Without the pictures, can you quote each line below exactly?

▬▬▬▬▬▬▬▬▬▬

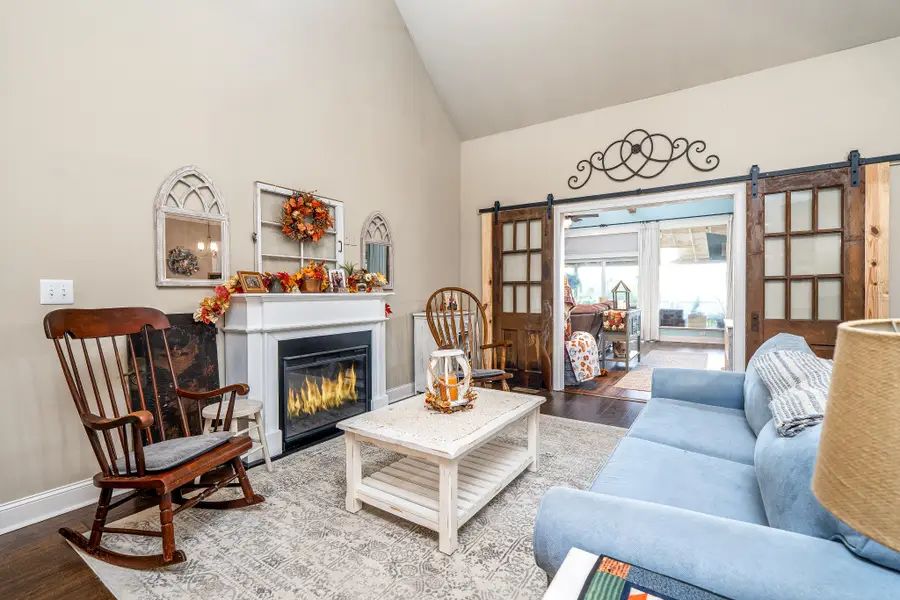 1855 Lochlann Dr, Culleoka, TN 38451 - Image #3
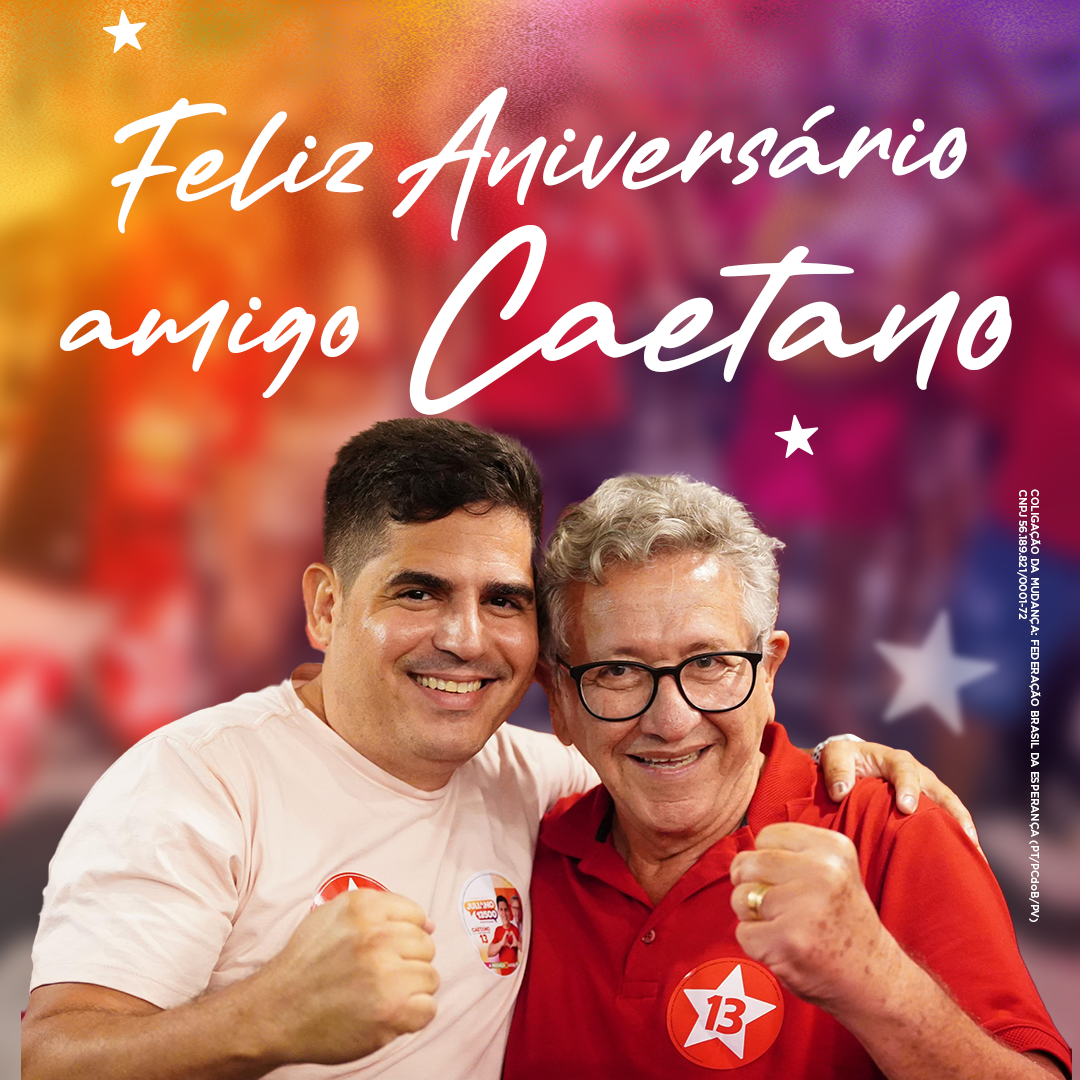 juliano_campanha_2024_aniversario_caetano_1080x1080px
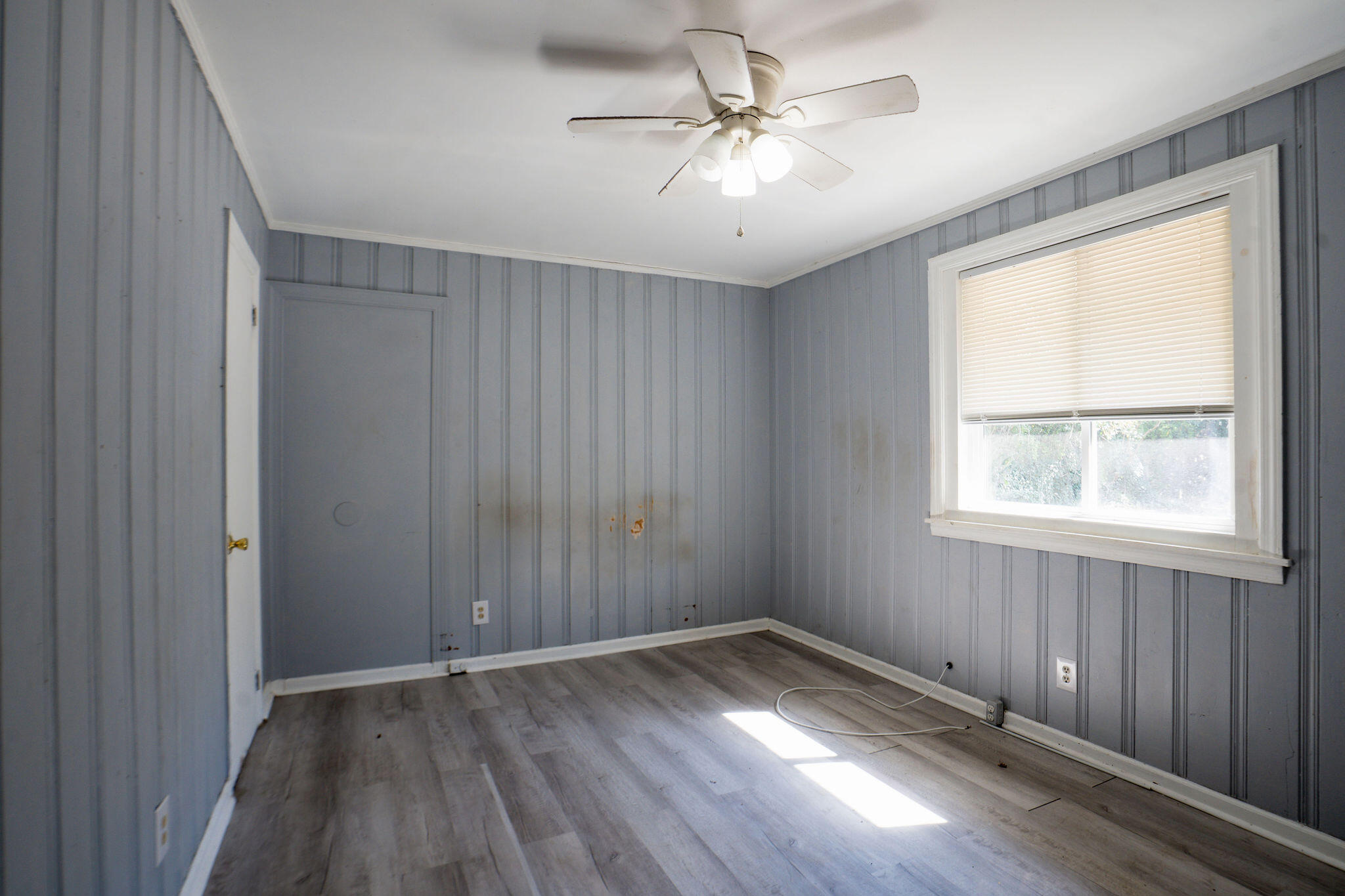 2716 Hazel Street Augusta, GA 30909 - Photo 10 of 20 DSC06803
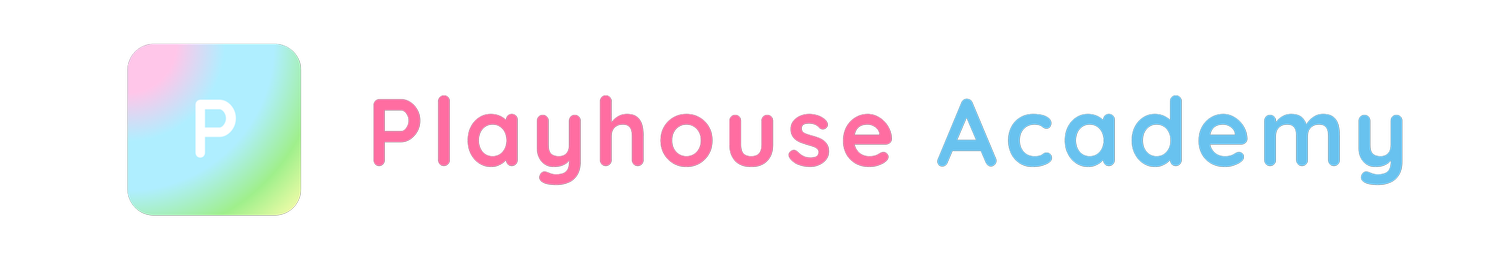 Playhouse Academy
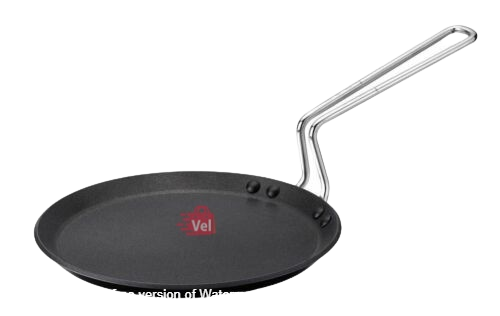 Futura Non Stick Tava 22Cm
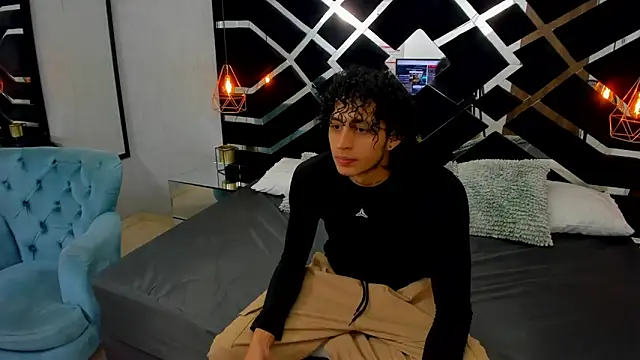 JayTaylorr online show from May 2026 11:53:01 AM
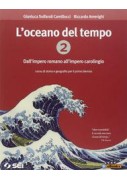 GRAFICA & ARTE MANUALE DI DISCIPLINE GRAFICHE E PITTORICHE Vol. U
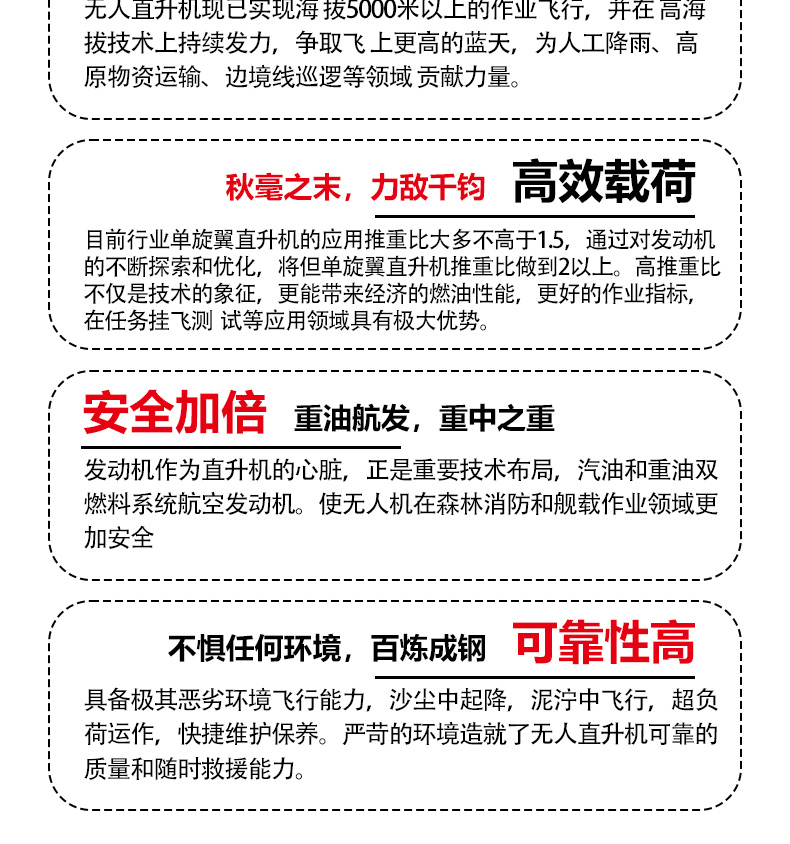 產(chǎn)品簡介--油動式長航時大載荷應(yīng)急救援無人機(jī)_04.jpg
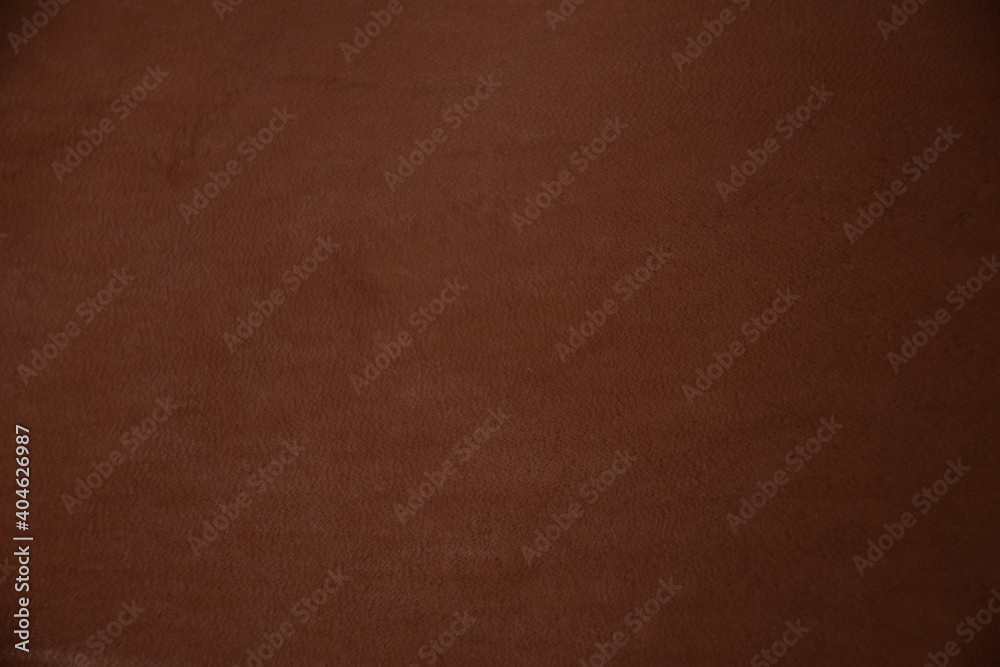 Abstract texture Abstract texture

▬▬▬▬▬▬▬▬▬▬

**RESPONSE BELOW:**
 1855 Lochlann Dr, Culleoka, TN 38451 - Image #3
 juliano_campanha_2024_aniversario_caetano_1080x1080px
 2716 Hazel Street Augusta, GA 30909 - Photo 10 of 20 DSC06803
 Playhouse Academy
 Futura Non Stick Tava 22Cm
 JayTaylorr online show from May 2026 11:53:01 AM
 GRAFICA & ARTE MANUALE DI DISCIPLINE GRAFICHE E PITTORICHE Vol. U
 產(chǎn)品簡介--油動式長航時大載荷應(yīng)急救援無人機(jī)_04.jpg
 Abstract texture Abstract texture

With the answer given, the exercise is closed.